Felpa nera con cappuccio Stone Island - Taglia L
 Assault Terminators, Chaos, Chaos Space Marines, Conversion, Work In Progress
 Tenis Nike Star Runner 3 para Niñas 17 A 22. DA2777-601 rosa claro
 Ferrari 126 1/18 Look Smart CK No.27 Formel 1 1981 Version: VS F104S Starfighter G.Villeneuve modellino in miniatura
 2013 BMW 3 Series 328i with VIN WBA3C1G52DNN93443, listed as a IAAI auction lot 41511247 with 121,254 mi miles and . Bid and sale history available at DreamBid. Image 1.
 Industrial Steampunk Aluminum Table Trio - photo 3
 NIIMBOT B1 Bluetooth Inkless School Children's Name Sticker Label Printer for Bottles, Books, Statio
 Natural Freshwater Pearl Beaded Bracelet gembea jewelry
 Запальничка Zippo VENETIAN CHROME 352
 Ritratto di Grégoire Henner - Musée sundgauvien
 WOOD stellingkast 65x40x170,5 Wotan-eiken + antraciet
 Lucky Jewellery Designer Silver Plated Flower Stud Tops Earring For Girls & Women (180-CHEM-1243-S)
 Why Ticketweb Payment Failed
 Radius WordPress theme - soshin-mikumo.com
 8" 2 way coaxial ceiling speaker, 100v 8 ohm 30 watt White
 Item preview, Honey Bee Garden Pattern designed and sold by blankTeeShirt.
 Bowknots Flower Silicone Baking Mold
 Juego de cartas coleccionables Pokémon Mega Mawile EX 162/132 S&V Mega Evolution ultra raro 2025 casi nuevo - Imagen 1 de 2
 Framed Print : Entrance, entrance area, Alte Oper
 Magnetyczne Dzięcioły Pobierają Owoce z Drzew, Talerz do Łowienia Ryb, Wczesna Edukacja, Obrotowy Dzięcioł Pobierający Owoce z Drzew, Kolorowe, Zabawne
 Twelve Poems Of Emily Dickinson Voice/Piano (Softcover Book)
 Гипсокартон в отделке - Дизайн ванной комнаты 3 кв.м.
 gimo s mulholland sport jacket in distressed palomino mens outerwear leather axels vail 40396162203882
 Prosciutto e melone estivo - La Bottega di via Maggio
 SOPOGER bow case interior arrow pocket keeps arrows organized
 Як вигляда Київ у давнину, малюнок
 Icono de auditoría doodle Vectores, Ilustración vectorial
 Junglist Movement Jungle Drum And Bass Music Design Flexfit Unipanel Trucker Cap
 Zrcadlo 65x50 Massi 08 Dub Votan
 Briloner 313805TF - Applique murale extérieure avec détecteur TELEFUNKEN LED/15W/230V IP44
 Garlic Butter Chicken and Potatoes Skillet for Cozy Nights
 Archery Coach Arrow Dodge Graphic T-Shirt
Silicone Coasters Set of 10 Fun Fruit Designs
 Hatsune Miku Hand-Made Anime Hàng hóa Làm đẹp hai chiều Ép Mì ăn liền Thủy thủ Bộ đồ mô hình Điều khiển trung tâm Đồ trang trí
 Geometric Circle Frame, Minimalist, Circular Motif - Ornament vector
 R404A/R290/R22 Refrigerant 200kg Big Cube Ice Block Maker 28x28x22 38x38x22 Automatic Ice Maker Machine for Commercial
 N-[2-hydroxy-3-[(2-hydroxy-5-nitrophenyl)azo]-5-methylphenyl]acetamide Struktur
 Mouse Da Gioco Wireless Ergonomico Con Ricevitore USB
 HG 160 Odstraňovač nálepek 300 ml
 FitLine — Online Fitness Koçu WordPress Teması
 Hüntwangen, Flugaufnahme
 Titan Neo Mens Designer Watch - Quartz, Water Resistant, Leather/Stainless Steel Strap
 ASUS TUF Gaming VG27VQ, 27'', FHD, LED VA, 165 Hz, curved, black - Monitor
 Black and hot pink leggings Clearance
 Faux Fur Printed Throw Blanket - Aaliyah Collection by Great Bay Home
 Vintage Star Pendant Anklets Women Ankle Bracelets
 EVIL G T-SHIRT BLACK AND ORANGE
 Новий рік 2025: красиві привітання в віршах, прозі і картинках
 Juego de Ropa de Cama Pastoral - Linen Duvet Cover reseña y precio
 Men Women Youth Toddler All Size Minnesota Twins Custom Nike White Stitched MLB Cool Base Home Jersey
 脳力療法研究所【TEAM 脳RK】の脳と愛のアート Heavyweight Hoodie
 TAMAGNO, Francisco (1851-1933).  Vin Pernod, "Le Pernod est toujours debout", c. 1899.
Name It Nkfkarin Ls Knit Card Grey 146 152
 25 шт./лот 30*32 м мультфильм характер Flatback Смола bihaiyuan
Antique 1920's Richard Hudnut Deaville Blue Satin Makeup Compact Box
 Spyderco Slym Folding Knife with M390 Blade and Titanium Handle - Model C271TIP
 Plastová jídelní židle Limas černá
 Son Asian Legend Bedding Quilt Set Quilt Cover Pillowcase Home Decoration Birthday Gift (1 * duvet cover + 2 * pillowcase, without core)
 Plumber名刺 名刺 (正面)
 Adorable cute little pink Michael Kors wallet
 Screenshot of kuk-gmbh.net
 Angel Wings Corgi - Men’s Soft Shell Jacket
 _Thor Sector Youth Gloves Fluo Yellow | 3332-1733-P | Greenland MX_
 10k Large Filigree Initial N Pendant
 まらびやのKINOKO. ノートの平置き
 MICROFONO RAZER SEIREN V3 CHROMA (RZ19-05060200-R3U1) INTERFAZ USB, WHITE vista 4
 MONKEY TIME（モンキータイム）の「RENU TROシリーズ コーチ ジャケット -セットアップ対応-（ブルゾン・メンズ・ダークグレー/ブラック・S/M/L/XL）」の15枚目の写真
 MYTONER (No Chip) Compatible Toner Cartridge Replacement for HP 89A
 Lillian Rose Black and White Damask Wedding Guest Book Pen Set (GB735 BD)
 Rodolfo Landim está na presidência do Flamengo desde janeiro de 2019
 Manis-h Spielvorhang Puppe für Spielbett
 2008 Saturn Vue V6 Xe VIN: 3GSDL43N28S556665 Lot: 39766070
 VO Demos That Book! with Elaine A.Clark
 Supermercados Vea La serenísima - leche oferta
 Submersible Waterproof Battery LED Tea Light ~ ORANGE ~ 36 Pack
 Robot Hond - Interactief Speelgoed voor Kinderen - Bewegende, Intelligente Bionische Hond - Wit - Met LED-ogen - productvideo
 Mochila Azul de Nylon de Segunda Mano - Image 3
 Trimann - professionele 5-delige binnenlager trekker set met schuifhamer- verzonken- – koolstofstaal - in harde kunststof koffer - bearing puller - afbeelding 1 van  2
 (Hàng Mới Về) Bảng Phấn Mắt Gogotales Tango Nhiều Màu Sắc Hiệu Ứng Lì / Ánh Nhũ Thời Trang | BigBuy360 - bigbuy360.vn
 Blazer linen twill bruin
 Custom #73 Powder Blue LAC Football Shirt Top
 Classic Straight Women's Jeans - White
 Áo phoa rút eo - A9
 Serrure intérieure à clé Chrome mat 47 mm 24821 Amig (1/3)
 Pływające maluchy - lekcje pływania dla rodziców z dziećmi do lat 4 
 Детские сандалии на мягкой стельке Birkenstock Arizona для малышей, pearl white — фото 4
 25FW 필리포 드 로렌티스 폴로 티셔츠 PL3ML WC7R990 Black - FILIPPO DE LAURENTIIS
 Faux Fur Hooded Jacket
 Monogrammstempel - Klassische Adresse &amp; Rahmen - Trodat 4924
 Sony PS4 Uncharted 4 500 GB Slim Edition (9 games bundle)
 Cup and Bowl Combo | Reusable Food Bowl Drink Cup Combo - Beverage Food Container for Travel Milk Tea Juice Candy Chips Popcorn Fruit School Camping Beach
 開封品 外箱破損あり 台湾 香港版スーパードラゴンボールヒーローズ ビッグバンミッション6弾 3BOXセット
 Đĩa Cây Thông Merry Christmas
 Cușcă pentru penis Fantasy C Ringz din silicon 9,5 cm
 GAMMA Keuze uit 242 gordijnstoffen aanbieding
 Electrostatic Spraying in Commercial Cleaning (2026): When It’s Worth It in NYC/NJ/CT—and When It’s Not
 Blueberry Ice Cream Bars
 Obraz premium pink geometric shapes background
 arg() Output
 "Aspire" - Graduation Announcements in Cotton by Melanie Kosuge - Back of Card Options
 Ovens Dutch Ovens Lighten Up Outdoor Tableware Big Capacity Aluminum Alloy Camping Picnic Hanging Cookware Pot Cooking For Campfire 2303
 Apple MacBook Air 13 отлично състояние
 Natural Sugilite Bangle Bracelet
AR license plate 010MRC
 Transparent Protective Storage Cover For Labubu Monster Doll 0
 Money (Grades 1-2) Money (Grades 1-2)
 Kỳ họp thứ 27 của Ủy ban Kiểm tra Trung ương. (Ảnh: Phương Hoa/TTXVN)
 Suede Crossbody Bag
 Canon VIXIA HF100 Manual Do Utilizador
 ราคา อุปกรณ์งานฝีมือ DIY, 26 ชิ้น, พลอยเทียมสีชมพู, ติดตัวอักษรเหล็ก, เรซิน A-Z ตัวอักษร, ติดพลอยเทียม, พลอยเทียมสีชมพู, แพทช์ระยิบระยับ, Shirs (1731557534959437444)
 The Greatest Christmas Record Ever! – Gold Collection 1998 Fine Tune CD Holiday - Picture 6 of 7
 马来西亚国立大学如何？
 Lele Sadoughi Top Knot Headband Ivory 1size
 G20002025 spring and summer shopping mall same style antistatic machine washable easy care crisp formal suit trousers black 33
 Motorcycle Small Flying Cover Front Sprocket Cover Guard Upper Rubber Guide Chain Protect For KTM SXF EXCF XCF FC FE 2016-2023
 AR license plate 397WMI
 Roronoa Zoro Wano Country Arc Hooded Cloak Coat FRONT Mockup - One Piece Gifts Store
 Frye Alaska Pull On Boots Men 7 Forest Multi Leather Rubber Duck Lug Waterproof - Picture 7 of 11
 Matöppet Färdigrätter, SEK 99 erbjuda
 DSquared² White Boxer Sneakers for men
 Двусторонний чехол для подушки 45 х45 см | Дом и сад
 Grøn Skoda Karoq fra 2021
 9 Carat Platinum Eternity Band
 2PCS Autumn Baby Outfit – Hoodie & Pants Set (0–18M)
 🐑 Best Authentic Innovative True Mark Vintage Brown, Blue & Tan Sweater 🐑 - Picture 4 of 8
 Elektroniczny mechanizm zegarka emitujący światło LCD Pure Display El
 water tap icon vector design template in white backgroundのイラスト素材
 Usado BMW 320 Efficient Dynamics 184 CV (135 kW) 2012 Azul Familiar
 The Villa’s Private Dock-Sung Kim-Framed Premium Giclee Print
○ ○ ○ ○ ○
AIM OF THE EXERCISE: Please print the material above exactly as it appears, from its first line through the line containing "Ferrari 126 1/18", inclusive, and stop there.

RESULT:
Felpa nera con cappuccio Stone Island - Taglia L
 Assault Terminators, Chaos, Chaos Space Marines, Conversion, Work In Progress
 Tenis Nike Star Runner 3 para Niñas 17 A 22. DA2777-601 rosa claro
 Ferrari 126 1/18 Look Smart CK No.27 Formel 1 1981 Version: VS F104S Starfighter G.Villeneuve modellino in miniatura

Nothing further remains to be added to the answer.